Up to here we've always taught our painter a thing: a cat, a sneaker, a way of drawing. With edit LoRAs we drill a change into them instead. We're no longer saying "this is TOK"; we're saying "when you see this, turn it into that." It's the difference between teaching a noun and teaching a verb.

The album becomes a deck of before/after cards

An edit album has no room for photos standing alone; everything here comes in pairs. Picture each pair as a playing card: the front shows the world as it is, the back shows it transformed. The one rule the painter asks of us is a simple naming scheme: ROOT_start.ext and ROOT_end.ext.

Here's a real pair from a set we trained: a pencil sketch, and the same scene brought to life in gouache:

# dataset.zip

p01_start.png # the before

p01_end.png # the after

p02_start.png

p02_end.png

…

p01_start2.png # optional: up to 4 reference images per pair

After some fifteen cards like this, the painter starts to grasp that magic mapping: how do lines turn into brushstrokes, and white paper into deep layers of paint? Once the run is done, we can hand them a sketch they've never seen and they'll apply the very same transformation to it.

The one rule that never bends

Inside a pair, the only thing allowed to change is the thing we want to teach. Same framing, same light, same subject; the only difference between start and end should be the transformation itself. Any small difference that sneaks in (a slightly shifted angle, a different crop) gets mistaken for part of the transformation and learned right along with it.
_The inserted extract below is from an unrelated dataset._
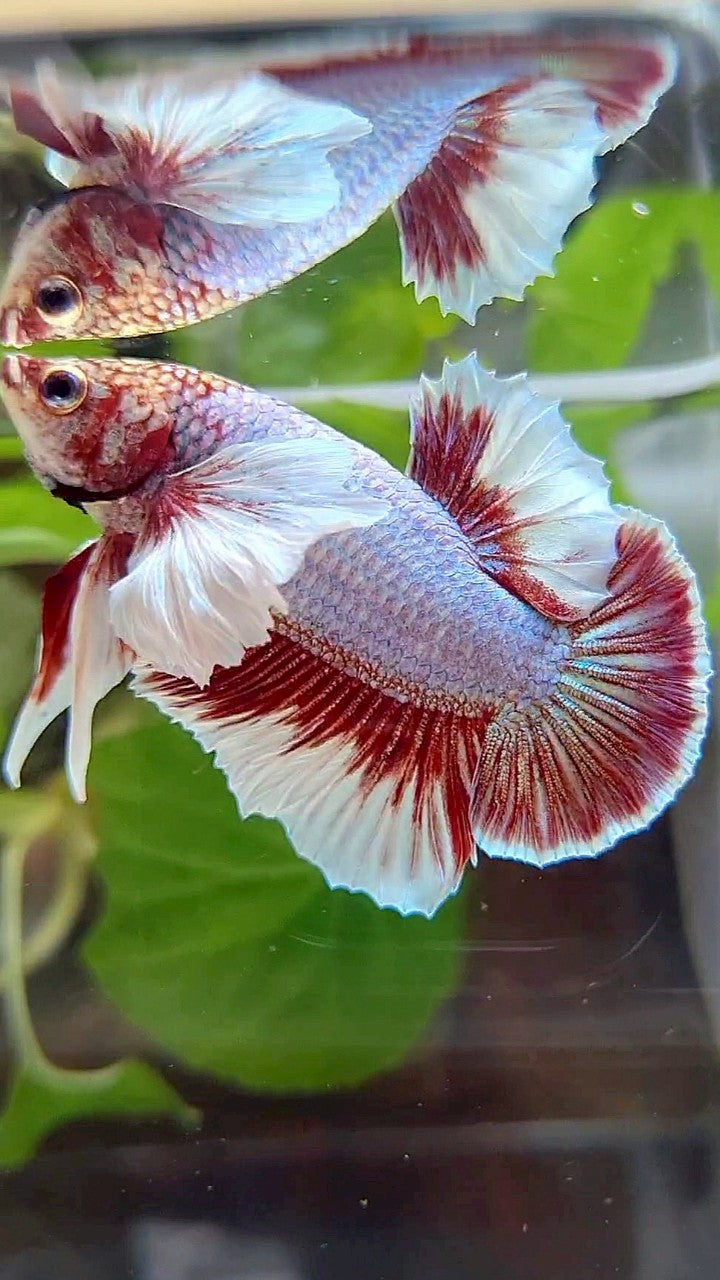 PLAKAT DUMBO EAR PURPLE BUTTERFLY BETTA FISH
This is why collecting an edit album is a bit of a chore; two versions of the same scene aligned to the millimeter are hard to come by. In the next chapter we'll see how we manufactured these cards ourselves.

The caption carries the instruction

When we work with pairs, the caption usually describes the transformation itself rather than the image. For our own set we used one shared caption:

turn this pencil sketch into a finished gouache painting in TOKSTYLE style

At painting time, we give the system a photo and a prompt in this same spirit; the learned skill takes care of the rest.

Reference images: extra hints

The Klein edit trainer accepts up to four extra references per pair (ROOT_start2 … ROOT_start4). They come to the rescue whenever the transformation needs information from outside the frame: if the edit says "add this vase to that room", a standalone photo of the vase is exactly that kind of hint. Sketch-to-painting needs none of this, but here's what a full card looks like:

p07_start.png
The room as it stands. The starting frame.

p07_start2.png
Reference: a studio shot of the product to be added. Where the painter looks when we say "add this".

p07_end.png
Result: the same room, the product on the floor, consistent down to its shadow.

We staged this trio to show the logic, with the KIVO sneaker you might remember from chapter 7. A set of 10 to 15 cards like this is enough to teach an edit that places the referenced product into a scene.

Where to train it, where to run it

For training, our first pick is the Klein 9B edit trainer: on speed and cost, it's the ideal choice for LoRA training. When nothing less than maximum fidelity will do, we step up to the larger FLUX.2 edit trainer.
For running it, we reach for the matching edit/lora inference endpoints, the ones that accept both a LoRA and an input image.